The Automation of GitHub Processes in RStudio

The GitHub Process on RStudio

GitHub is a vital tool for any Data Scientist, and is incredibly useful when properly integrated in the RStudio Integrated Development Environment (IDE). The default functionality allows for one to manage Code Sets seamlessly with Git through very user-friendly Stage, Commit, Push, Pull, and History buttons. This process is intentionally designed this way to ensure that the user properly follows the Git process to ensure that the appropriate Change Management, Code Merging, and Version Control practices are implemented.

However, if the user is intimately aware of these processes and is sufficiently competent with the industry best practices, then this process can be perceived as being somewhat cumbersome. For example, assuming that the User has correctly installed Git, enabled Git on the RStudio IDE, and Pulled an appropriate Repo for development, then once the Developer has made the necessary changes to the document, then they need to follow these steps:

  1. Press the Commit button on the Git window (usually found in the Environment Pane on the top-right of the RStudio IDE). This will open the Review Changes window.
  2. Type in the details of the changes made in the Commit message box.
  3. Press the Commit button.
  4. Wait for the Commit process to complete.
  5. Press the Push button.
  6. Wait for the Push process to complete.
  7. Close the Review Changes window.

This process may take approximately 15 seconds, depending on various factors; but may also take up to a number of minutes, depending on if there are large data files that need to be uploaded in the Push process. This vignette will outline how to automate this process, and reduce the time taken for the developer to complete this overall process.

Introducing the git2r Package

The git2r package (written by Numerous Authors) provides the ability to “interface to the libgit2 library, which is a pure C implementation of the Git core methods”, and “provides access to Git repositories to extract data and running some basic Git commands” (as detailed on cran).

Usage of the git2r Package

The basic usage of git2r follows the following key steps:

  1. Install the package (only needs to be done the first time it is used);
  2. Load the package (only needs to be done when re-opening an RStudio Workspace);
  3. Stage the changes;
  4. Commit the changes;
  5. Pull the changes; and
  6. Push the changes.

1. Install and Load git2r package

This step does not need to be completed every time the files need to be committed an pushed to Git.

# Install and load the git2r package
install.packages("git2r")
library(git2r)

Note: This Vignette assumes the usage of the file GitHub.R file, which is saved in the same directory as this current Vignette.

# Set up the file to be used in the below command.
FileConnection <- file("GitHub.R")
writeLines( paste0("#This is a test script. Run at: ", format(Sys.time(), "%Y-%m-%d %H:%M:%S"))
, FileConnection
)
close(FileConnection)
rm(FileConnection)

2. Stage the Changes

The add() function takes the repo path as its first argument, and the filename path as the second argument, then stages that file to be ready for the Commit command.
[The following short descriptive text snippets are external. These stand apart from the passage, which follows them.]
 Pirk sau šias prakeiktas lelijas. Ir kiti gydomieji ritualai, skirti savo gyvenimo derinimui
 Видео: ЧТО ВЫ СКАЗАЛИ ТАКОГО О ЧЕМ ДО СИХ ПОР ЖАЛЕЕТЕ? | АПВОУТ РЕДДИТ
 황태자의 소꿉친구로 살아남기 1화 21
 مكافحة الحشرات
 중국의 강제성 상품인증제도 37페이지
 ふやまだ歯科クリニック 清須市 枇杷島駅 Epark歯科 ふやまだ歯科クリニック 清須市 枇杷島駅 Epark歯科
Since the repo is in the same location as this script file, then the function getwd() can be run to get the file path location of this current folder.

# Add the file
add( repo = getwd()
, path = "GitHub.R"
)

3. Commit the Changes

The commit function takes the repo defined in the first argument, and the message defined in the second argument, then commits those changes to be ready for the Push command.

# Commit the file
commit( repo = getwd()
, message = paste0("Update as at: ", Sys.time(), "%Y-%m-%d %H:%M:%S")
)

4. Pull the Updates

It would be safe to assume that you are not the only collaborator working on this file. Therefore, after this file is committed, and before it is pushed to the Repo, Git needs to check that there are no discrepancies between the Committed file, and the Master branch. In order to validate, Git must pull the changes from the Master branch to the local Repo.

Note the following caveats:

  1. If this is a forked branch and you are the only contributor, then Git will always return the message "Already up to date.".
  2. If this branch is part of a Repository that multiple people are contributing to, but no one has made any changes to the Master Branch, then Git will always return the message "Already up to date.".
  3. If this branch is part of a Repository that multiple people are contributing to, and the Master Branch has been updated by someone else, and you try to pull the changes to your local repo, then Git will return the message "CONFLICT (content): Merge conflict in GitHub.R \n Automatic merge failed; fix conflicts and then commit the result.". When this happens, follow the process outlined in section 4.1 below.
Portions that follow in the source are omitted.